Having empathy about the experiences that women go through while they are exercising their rights allows us to hear the individual experiences, something that has always been hugely important to the women’s movement. We cannot try to improve women’s experiences unless we actually take the time to hear what those experiences are.

 

Particularly in the realm of women’s health, we can both applaud someone for the fact that they have done something bold in their personal choices, while also recognizing that most health decisions and procedures come with some price and that we should be aware of that. We should recognize and celebrate that women go through complex thought processes surrounding their mental health. We should make it HARD for conservatives to view us as stupid little womens who don’t know anything about their own health and who just frivolously run around cutting pieces of ourselves off. We should respect each other enough to make thoughtfulness (without tragedy) part of the dialogue about women’s health. It’s something that is often missing. More often we hear about morality, or about rights, or about access, or about money. Rarely do we stop and listen to deliberations that women have to go through in order to make their healthcare decisions, particularly when they are in oppressive situations that limit their access. When thoughtfulness does come into the dialogue, it’s often as a way of casting women’s healthcare and health choices as something tragic, difficult, or heartbreaking in a way that men’s health is not (few people talk about how thought-filled the decision to get a vasectomy is, despite the fact that people probably put a great deal of thought into it).

 

Indeed the idea that “thoughtful” necessarily means difficult is simply wrong and unhelpful. We are thoughtful about many things. Sometimes they’re difficult and also positive (deciding where to go to college), sometimes they’re difficult and heartbreaking (whether to pull the plug on a dying relative) sometimes they’re not difficult at all and they’re just great (like trying to decide which flavor of cupcake to buy…that takes a lot of thought let me tell you) and sometimes they’re not difficult but they kind of suck anyway (like choosing to get a pap smear, which I always think about and always know what I’m going to answer and always hate the answer to anyway). We think about all kinds of things and we make decisions based on thought processes all the time.

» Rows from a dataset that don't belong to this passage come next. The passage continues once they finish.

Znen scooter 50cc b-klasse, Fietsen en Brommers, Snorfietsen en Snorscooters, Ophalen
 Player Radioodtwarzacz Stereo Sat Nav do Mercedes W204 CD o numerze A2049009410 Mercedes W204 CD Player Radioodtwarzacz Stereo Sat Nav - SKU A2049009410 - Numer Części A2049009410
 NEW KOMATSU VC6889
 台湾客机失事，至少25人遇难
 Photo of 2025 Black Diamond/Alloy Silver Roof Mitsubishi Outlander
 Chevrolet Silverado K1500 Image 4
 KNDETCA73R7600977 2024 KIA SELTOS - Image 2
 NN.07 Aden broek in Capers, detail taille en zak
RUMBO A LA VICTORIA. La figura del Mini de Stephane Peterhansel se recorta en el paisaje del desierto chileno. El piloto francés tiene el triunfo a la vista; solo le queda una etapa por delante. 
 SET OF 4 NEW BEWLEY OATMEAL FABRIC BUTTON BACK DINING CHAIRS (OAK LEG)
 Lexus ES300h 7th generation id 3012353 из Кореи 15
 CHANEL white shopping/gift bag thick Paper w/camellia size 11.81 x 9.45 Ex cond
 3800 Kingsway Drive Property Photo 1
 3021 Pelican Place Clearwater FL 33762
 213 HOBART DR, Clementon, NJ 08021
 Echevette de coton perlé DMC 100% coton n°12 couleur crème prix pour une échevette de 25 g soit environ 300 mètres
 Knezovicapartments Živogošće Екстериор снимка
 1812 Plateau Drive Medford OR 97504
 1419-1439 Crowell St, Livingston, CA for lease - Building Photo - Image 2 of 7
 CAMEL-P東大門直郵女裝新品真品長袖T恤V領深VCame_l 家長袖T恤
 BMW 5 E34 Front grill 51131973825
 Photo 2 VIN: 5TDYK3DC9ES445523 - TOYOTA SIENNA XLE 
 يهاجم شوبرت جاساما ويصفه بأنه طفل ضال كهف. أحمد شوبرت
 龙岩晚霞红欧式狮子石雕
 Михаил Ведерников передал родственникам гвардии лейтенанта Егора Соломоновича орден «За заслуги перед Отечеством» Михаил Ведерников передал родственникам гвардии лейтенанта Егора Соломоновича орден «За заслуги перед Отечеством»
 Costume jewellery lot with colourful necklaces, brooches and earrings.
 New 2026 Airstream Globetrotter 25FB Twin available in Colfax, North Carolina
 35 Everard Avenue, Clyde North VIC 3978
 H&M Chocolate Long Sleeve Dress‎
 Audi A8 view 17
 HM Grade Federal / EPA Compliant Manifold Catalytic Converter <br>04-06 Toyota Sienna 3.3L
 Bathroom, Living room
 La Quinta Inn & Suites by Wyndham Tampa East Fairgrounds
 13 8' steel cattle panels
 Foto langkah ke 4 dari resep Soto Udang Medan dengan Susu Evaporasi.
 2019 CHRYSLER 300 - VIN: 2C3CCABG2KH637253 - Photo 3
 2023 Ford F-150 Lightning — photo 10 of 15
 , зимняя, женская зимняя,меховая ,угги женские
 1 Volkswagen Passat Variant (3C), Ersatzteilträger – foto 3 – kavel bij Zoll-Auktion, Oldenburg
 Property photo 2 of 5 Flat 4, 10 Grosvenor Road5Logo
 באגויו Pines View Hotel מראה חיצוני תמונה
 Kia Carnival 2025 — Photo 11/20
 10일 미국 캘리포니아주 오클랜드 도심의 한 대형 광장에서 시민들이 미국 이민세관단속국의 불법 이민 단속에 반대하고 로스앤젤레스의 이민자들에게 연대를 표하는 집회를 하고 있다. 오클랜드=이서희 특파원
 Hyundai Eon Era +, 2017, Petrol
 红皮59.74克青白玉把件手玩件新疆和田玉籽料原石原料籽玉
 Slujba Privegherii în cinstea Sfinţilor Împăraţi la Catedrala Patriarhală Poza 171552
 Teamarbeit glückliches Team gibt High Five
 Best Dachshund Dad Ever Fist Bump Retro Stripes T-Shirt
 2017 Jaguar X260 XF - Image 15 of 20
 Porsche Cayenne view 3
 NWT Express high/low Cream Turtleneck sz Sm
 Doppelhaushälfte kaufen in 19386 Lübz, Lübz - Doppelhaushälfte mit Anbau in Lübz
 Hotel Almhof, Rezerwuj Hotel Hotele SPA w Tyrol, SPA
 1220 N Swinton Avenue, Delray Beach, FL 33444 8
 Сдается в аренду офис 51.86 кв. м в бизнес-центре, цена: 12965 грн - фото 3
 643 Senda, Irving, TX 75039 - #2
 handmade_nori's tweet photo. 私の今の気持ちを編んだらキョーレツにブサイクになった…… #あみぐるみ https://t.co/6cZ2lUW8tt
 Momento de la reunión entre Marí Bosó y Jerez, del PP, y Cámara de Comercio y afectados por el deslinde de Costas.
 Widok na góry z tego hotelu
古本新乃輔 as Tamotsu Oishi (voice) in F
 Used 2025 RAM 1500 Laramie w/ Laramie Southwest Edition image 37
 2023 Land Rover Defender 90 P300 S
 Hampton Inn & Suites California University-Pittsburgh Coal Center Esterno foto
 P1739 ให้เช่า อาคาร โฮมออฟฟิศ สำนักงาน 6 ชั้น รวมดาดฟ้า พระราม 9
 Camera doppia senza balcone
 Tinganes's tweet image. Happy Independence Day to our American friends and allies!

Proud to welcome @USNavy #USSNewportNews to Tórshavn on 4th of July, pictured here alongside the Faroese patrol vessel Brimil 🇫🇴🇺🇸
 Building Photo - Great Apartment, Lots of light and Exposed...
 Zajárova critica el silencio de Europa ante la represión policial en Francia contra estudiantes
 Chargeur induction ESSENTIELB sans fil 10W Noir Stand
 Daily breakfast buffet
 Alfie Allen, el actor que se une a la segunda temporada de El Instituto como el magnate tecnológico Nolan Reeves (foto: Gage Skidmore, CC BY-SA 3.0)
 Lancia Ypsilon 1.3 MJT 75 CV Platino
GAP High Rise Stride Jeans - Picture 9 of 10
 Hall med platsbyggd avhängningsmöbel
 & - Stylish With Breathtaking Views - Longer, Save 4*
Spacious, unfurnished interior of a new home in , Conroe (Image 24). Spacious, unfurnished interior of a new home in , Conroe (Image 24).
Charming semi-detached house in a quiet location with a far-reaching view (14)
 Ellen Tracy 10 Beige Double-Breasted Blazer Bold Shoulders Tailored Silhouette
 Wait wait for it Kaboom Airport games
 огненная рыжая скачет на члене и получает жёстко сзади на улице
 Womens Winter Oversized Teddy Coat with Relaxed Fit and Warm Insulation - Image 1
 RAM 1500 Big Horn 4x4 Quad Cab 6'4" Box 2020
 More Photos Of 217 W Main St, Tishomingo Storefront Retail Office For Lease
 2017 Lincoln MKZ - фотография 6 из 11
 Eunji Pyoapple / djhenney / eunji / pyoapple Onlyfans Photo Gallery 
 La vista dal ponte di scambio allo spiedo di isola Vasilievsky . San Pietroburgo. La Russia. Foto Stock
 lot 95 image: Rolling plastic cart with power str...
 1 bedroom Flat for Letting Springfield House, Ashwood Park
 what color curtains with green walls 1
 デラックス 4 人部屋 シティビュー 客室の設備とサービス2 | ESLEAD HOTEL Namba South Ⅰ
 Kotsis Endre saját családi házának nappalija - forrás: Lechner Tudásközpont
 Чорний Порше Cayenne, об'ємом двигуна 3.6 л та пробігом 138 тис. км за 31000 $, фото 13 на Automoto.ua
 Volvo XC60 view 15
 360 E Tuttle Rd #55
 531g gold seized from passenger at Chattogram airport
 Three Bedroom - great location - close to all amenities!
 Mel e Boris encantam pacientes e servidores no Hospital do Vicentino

Saying that something requires thought or reflection doesn’t necessarily mean that we don’t know what we’re going to answer or that it will hurt us or that it will have a negative consequence. It just means we wanted to make sure it was the right decision.

 

We need to create space for the ways that women actively navigate their lives, and the balance that they must constantly keep between their personal needs, their personal decision making, and the societal pressures around them. We need to keep in mind that while a woman might have really loved getting that abortion because it was exactly the right thing in her life, there are social repercussions and we should be empathetic to that. We need to keep in mind all the sacrifices that women make nearly every time they make a choice about how to exercise their autonomy. And the more we do this, the less we will have black and white thinking and dichotomies, and the more we will have a conscientious dialogue with other women about how frustrating it is to navigate the world we live in, in which there are almost no “right” choices, only better choices. I think that definitionally, as women, nearly every decision we make has to be thoughtful (obviously there are some exceptions, but when you’re part of an oppressed group you’re forced to be more conscious of your decisions). And because of this, we are always aware of the costs and the benefits of our decisions. Now we need to start recognizing that process in others.